Eine negative Folge eingeschränkter Übersetzungskompetenz ist sicher die Tatsache, dass sich bei deutschen Texten des Mittelalters (und in anderen Philologien sieht es kaum anders aus) in der universitären Lehre ein spezieller Kanon herauszubilden scheint: Seminare werden häufig zu denjenigen Texten angeboten, die in zweisprachigen Ausgaben greifbar sind - ich habe das vor einigen Jahren einmal systematisch untersucht. Diese Ausgaben werden zur Zeit schwerpunktmäßig von zwei Verlagen angeboten: von Reclam und (sehr viel eingegrenzter und auf ausgesprochene 'Klassiker' beschränkt) vom Fischer Taschenbuch Verlag. Dass Verlage mit ihrem Angebot die Lehre bestimmen, darf natürlich nicht sein; umgekehrt ist allerdings kaum zu erwarten, dass Verlage willens oder in der Lage sind, ihre ökonomischen Überlegungen am Bedarf der Universitäten auszurichten.
Man ist also auf Selbsthilfe angewiesen. Als kleinen Beitrag dazu bietet unsere Essener Homepage die Rubrik "Übersetzungen" an; zur Mitarbeit sind alle Fachkolleg/inn/en herzlich eingeladen.

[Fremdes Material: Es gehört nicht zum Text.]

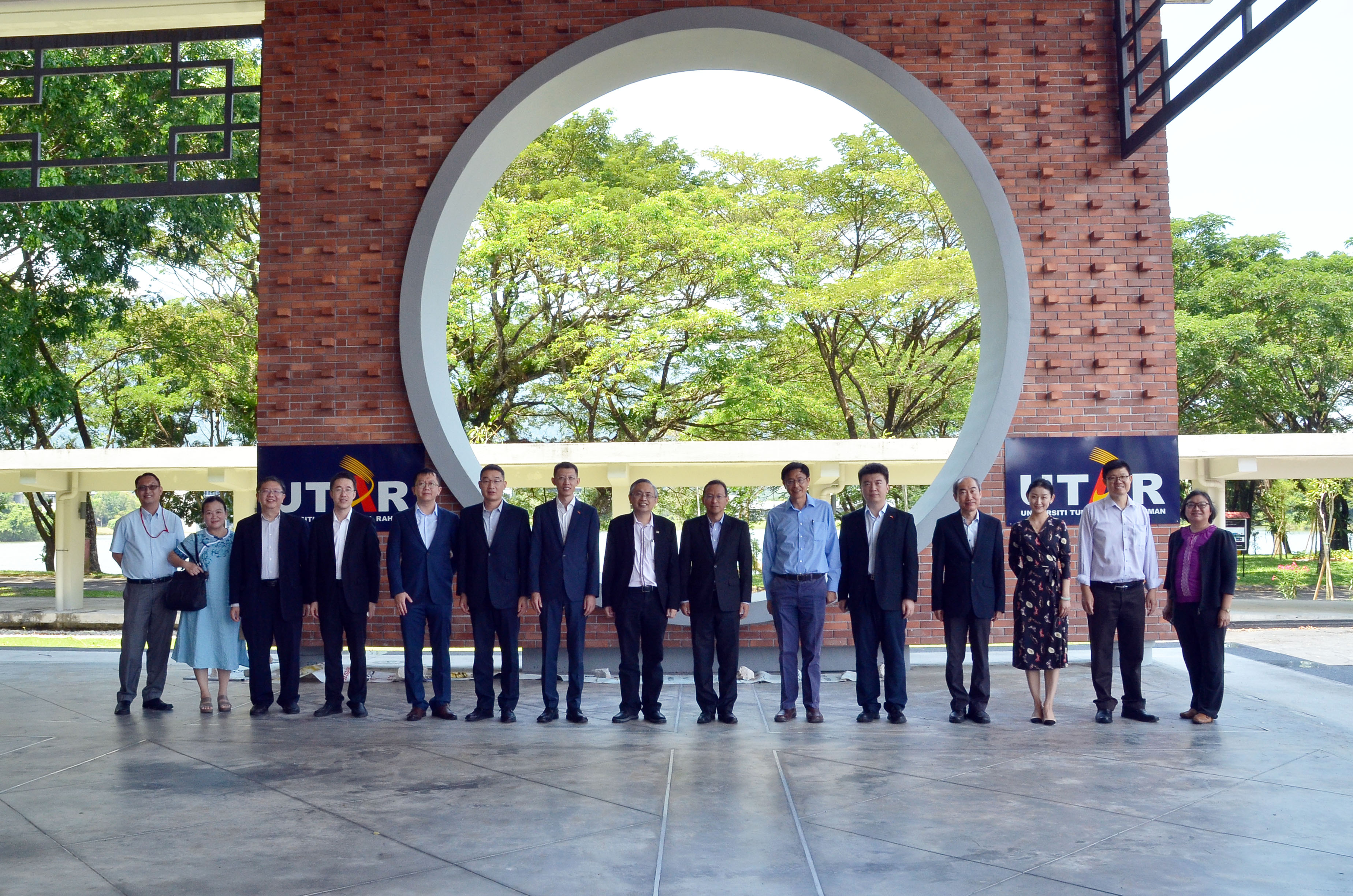 Mr Zhao starting From Seventh From Left Prof Ewe Mr Tang Mr Hew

Der erste Text, der hier angeboten wird, ist die Übersetzung des späthöfischen Epos Gauriel von Muntabel Konrads von Stoffeln. Die Übersetzung beruht noch auf der alten Ausgabe von FERDINAND KHULL (Gauriel von Muntabel. Eine höfische Erzählung aus dem 13. Jahrhunderte. Zum ersten Male hrsg. von Ferdinand Khull. Neudruck der Ausg. 1885. Mit e. Nachw. und Literaturverzeichnis von Alexander Hildebrand. Osnabrück: Zeller 1969). Entstanden ist Sie vor sechs Jahren für ein Seminar; ich habe sie durchgesehen, aber nicht systematisch überarbeitet. Gegebenenfalls ist also immer die inzwischen erschienene, weitaus bessere Edition von WOLFGANG ACHNITZ zum Vergleich heranzuziehen (Der Ritter mit dem Bock. Konrads von Stoffeln 'Gauriel von Muntabel'. Neu hrsg., eingeleitet und kommentiert von Wolfgang Achnitz. Tübingen: Niemeyer 1997 [Texte und Textgeschichte. 46]). In dieser findet man auch einen ausführlichen Stellenkommentar, der insbesondere lexikalische Informationen liefert. Achnitz' Text hat heute als der sog. 'maßgebliche' zu gelten, ist also bei wissenschaftlichen Untersuchungen (zu denen auch Seminararbeiten prinzipiell schon gehören!) zu zitieren. Da er andere editorische Prinzipien hat als die Edition Khulls, also vor allem die handschriftlichen Überlieferungsträger in anderer Weise einbezieht, laufen die beiden Editionen textlich zum Teil auseinander. Trotzdem dürfte eine Übersetzung nach Khull beim Verständnis eine Hilfe sein - und natürlich eignet sich die Übersetzung auch zur Vorbereitung auf ein Gauriel-Seminar, wenn man zunächst einmal daran interessiert ist, den Inhalt kennen zu lernen.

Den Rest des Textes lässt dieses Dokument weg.